Bagaimana sandang, pangan, dan seterusnya? Masih mendapat jatah berupa seragam kerja, kain bahan, beras, gula, kacang hijau, dan seterusnya. Kebutuhan anak-anak tercukupi, meskipun memiliki lebih dari tiga anak. Kalau sebuah keluarga memiliki anak berjumlah sepuluh, jatah beras pun terhitung untuk sepuluh anak.

Itu yang Ibu katakan, orang dulu berprinsip ‘banyak anak banyak rezeki’. Dan, orang kini tidak lagi begitu karena kebijakan perusahaan sudah berubah, dimana jatah sembako hanya diperuntukkan pada keluarga yang memiliki dua-tiga anak. Lebih dari tiga anak, kebutuhan wajib ditanggung sendiri.

Persoalan sekarang, yang sedang ditawarkan Ibu, adalah pasangan hidup untukku. Pasangan hidup, jodoh, istri, tulang rusuk, atau sejenis itu? Ya, sesosok makhluk yang sempat kulewatkan dari sepanjang jalan perziarahanku di dunia ini.

Sempat kulewatkan ketika suatu waktu seorang ibu tetangga mengatakan bahwa mengapa aku tidak tertarik pada anaknya yang sepantaran denganku. Pada waktu lainnya, seorang ibu juga mengatakan, tepatnya menyayangkan, mengapa aku tidak jadian dengan anaknya, yang juga sepantaran denganku.

Dan, akhirnya, seorang ibu lainnya, selalu mengabarkan perihal anaknya, yang sudah berkeluarga tetapi nada ibu itu seakan memendam sesuatu karena aku memang sempat dekat dengan anaknya, bahkan nyaris saban hari bertandang ke rumah mereka. Pada waktu itu Ibuku juga bergaul dekat dengan ibunya, dan Ibuku selalu mengatakan bahwa sebaiknya aku menuntaskan pendidikan, dan bekerja, baru kemudian bebas menentukan pilihan. Ternyata?

***

Mengapa, ya, sampai ada tiga ibu tetangga masih berharap padaku? Pertanyaan ini tidak pernah terjawab sampai aku merantau ke luar kampung alias ke Jakarta.

Kuakui, wajah dan penampilan ketiganya tidaklah kampungan, meskipun murni produk udik. Justru sebaliknya, wajahku pas-pasan sebagai laki-laki, dan penampilanku sama sekali tidak pernah parlente, walaupun belasan tahun aku berada di Yogyakarta, yang bagi para tetangga, adalah sebuah kota besar dengan predikat “Kota Pelajar” dan “Kota Budaya”.

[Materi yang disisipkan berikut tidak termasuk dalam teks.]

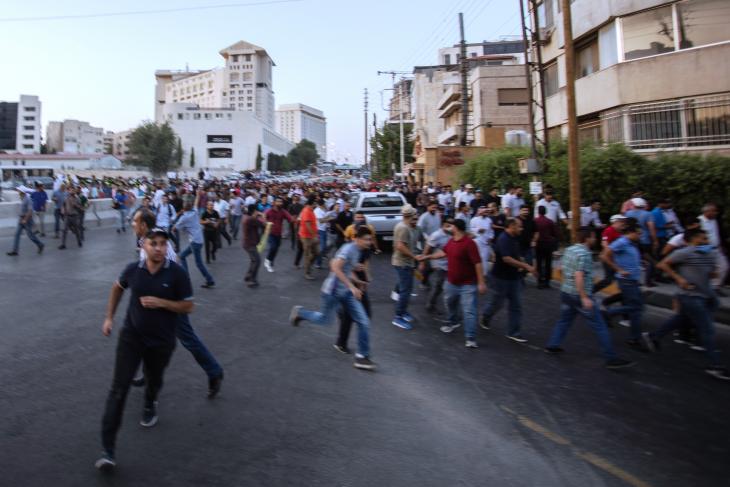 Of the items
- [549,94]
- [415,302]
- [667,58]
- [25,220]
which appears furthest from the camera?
[549,94]

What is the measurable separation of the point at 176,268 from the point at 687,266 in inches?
214

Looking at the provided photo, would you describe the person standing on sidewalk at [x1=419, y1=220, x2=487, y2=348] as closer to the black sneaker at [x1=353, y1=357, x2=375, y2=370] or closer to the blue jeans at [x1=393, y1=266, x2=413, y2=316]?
the blue jeans at [x1=393, y1=266, x2=413, y2=316]

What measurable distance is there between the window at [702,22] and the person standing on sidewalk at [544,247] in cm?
816

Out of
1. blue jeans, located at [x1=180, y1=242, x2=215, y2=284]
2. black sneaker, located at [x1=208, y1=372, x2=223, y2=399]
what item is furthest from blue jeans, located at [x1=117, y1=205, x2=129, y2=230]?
black sneaker, located at [x1=208, y1=372, x2=223, y2=399]

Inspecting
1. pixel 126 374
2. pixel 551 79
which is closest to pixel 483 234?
pixel 126 374

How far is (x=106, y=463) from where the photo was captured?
375cm

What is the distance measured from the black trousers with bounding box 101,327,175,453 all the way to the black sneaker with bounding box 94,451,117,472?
0.03 metres

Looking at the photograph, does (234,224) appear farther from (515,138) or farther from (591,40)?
(591,40)

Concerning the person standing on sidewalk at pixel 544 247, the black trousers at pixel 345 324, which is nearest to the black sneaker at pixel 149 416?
the black trousers at pixel 345 324

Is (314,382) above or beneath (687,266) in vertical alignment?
beneath

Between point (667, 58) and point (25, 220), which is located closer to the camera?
point (25, 220)

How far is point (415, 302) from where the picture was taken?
9.83m

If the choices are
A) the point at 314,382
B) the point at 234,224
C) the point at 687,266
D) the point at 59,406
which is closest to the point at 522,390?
the point at 314,382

Kepada ibu-ibu itu, jawabanku sederhana saja : bukan jodoh. Jelas bukanlah jodohku karena anak mereka kini sudah berkeluarga dengan jumlah anak lebih dari seorang. Tetapi, entah mengapa, ketiga ibu-ibu tetangga selalu senang apabila aku sempatkan diri bertandang dan sekadar menikmati kopi sore bersama suami–bapak anaknya–mereka.

Bersantai pada sore hari dengan tetangga adalah rutinitasku pada waktu tertentu selepas menutup kios untuk istirahat sampai lepas magrib. Ngobrol tentang ini-itu, dan minum kopi. Kalau tidak ke serambi seorang tetangga, aku akan beralih ke serambi tetangga lainnya, dan berikutnya.

Aku merasa ingin kembali akrab bertetangga setelah belasan tahun aku berada sangat jauh dari kampung halaman. Belasan tahun aku melewatkan acara kebersamaan itu sehingga aku merasa ingin menebus waktu-waktu yang terlewatkan. Biasanya, acara bersantai sore akan bubar menjelang senja menjadi temaram disusul bedug dan azan magrib siap berkumandang dari Masjid Nurul Huda, yang jaraknya hanya tujuh rumah dari rumah orangtuaku.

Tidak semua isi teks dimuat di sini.